Information Extraction and Synthesis Laboratory (IESL)

Information -- A collection of facts, relations or events from which conclusions may be drawn. Knowledge that has been gathered or received.
Extraction -- Obtaining materials in concentrated, usable form from a dilluted, unusable source.
Synthesis -- The combining of separate elements or substances to form a coherent whole. Reasoning from the general to the particular; logical deduction.
Laboratory -- An organization performing scientific experimentation and research.

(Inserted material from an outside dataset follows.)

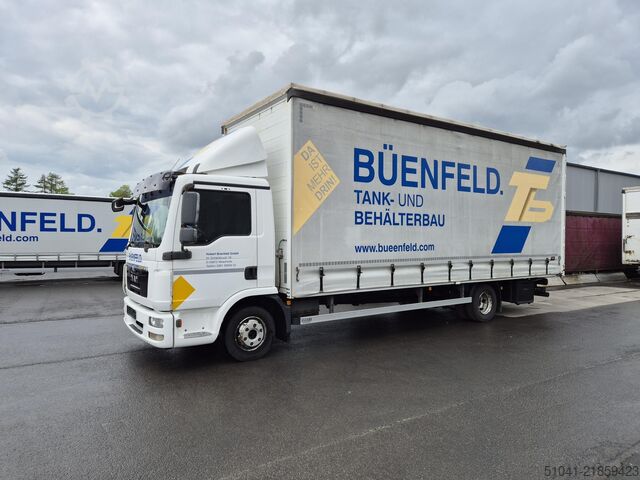 Curtain sider van MAN 8.220 TGL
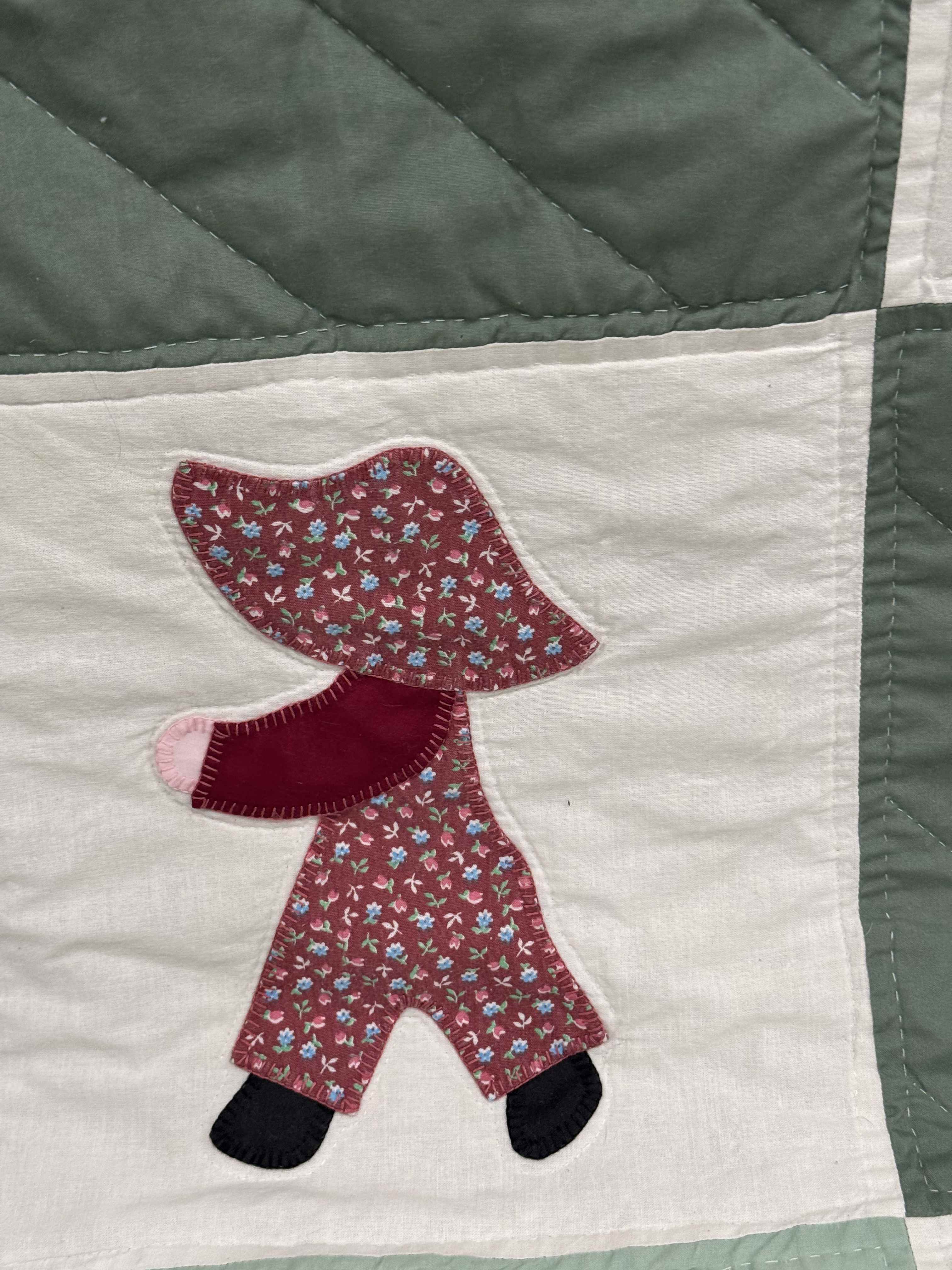 **SOLD  Vintage Quilt Sunbonnet Sue SOLD**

IESL aims to dramatically increase our ability to mine actionable knowledge from unstructured text. We are especially interested in information extraction from the Web, understanding the connections between people and between organizations, expert finding, social network analysis, and mining the scientific literature and community. We develop and employ various methods in statistical machine learning, natural language processing and information retrieval. We tend toward probabilistic approaches, graphical models, and Bayesian methods.

Openings

The lab currently has an opening for a postdoc.  Research in machine learning, natural language processing, lightly-supervised learning, automatic knowledge base construction, approximate inference, parallel & distributed inference; topic models, scientometrics.  Contact Andrew McCallum by email for more information.

News

  • Andrew McCallum will be the General Chair of ICML 2012, with Program Chairs Joelle Pineau and John Langford.
  • FACTORIE is a toolkit for deployable probabilistic modeling, implemented as a software library in Scala. It provides its users with a succinct language for creating relational factor graphs, estimating parameters and performing inference.
  • Generalized Expectation is an accurate way to train models by labeling features.
  • We have publicly launched Rexa, a research paper search engine. It provides search and browsing over multiple "object types", including not only papers, but also people, grants and topics.  In current work we are leveraging our new research in probabilistic databases to create Rexa 2.0.
  • Charles Sutton and I have a comprehensive introduction to conditional random fields, a book chapter in Lise Getoor and Ben Taskar's book on statistical relational learning.
  • McCallum has written an introduction to information extraction by machine learning, intended for an audience that doesn't know machine learning. Information Extraction: Distilling Structured Data from Unstructured Text . Andrew McCallum. ACM Queue, Volume 3, Number 9, November 2005.
  • MALLET is a Java toolkit for machine learning applied to natural language. It provides facilities for document classification, information extraction, part-of-speech tagging, noun phrase segmentation, general finite state transducers and classification, and much more---all designed to be extremely efficient for large data and feature sets.